Saturday, December 31, 2016

December updates: Tenth anniversary, Christmas, cherries, yet more animals...

Eug and I celebrated our tenth anniversary this month. We didn't exactly do anything to celebrate, but neither of us minded. When we were just married a year or two it mattered a lot to me that we celebrated in some kind of fancy way, but now there are a million daily actions, and the memories of so many more, built up over the years, as reminders of grace.

We visited a cherry farm a couple of hours' drive away for a couple of days at the beginning of December. It was an experiment to remind us that travel right now is an awful business. We went to Butterfly World on the way there, and to Eagle Encounters on the way back. In between Hana screaming. The boys really loved both places. Of course, the real reason I ever want to drive anywhere north is to stop by Tulbagh nursery. It's totally not the right time to be planting but I heard bananas were R25 ($1.75) at the moment, and who can resist the lure of growing more bananas. Certainly not I. The boys hate it when we drive into the nursery parking lot, because they know there are likely going to be trees around their ears when we drive out. Oh well. I'm already planning our April purchases, this time with a more empty car...

Noah saw an old leaking canoe and wanted to try it out... by himself. I was scared but Noah can swim, and we were nearby, so it felt like an opportunity for him. After finding himself in the middle of the pond, he was briefly scared then managed to navigate back to shore. The next couple of days he spent hours paddling.
returning safely to shore. Eli really liked pulling the boat back to shore, but didn't want to go in the canoe- he knows his own limits pretty well.
getting a ride.




Picking cherries. Our climate is not cold enough for cherries, so going to pick elsewhere is part of my cherry master plan. We picked enough for quite a bit of jam and a lot of eating.
yet another pet snail.
On the way home from Ceres, we stopped by Spier, which hosts Eagle Encounters. Eagle Encounters was perfect for the kids. During tourist season, I think it would usually be too overwhelming for them, but we just missed the tour group, which meant we got amazing one-on-one attention and learned about all their rescue animals. This is a bearded lizard, Eli's favourite.



Noah and a python.  


The boys take a drama class at one of our neighbours', and this month there was an end of year celebration. Wow, it was overwhelming. SO MANY CHILDREN. But they got medals.

Coffee first fruits. Our first harvest is enough for about 1 cup of coffee... so we're a ways away from self-sufficiency. 

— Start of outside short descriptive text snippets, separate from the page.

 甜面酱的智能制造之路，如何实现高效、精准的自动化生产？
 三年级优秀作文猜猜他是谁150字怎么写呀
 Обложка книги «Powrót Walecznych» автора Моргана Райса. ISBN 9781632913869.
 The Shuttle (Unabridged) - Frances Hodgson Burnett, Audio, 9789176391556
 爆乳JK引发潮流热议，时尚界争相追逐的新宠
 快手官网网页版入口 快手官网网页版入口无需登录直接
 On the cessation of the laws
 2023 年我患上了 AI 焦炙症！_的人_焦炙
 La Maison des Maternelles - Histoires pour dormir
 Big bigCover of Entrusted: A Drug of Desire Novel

We caught this very sweet wild rabbit to get it sterilized and out of our annual vegetable garden. We now have 2 small rescue bunnies who sleep in our house and spend the day outside. 
One of ducks emerged from sitting on eggs (unsuccessfully) completely covered in fleas. Apparently fleas attack when ducks are sitting. These spread to our chickens. Noah has been completely committed when it comes to screening and removing fleas with tweezers and dusting the animals with diatomaceous earth (DE). DE actually works, which I find amazing. It seems to also have worked with a major aphid infestation on one of our citrus trees.



Everyone (every single animal we own) likes to eat banana leaves. In other news, our first set of young ducks are ready for eating in January.

Our lovely neighbours suggested that we join them in the evening at our nearby beach (just near Kommetjie lighthouse) for some stand-up paddleboarding. Their 10yo helped take the boys around the bay. Noah got to paddle around by himself a bit, too.




My dad and I tried to help a lady remove a swarm of bees. It was tough going: a huge swarm in a network of ivy...

cutting away the swarm... Can you find the queen? We couldn't.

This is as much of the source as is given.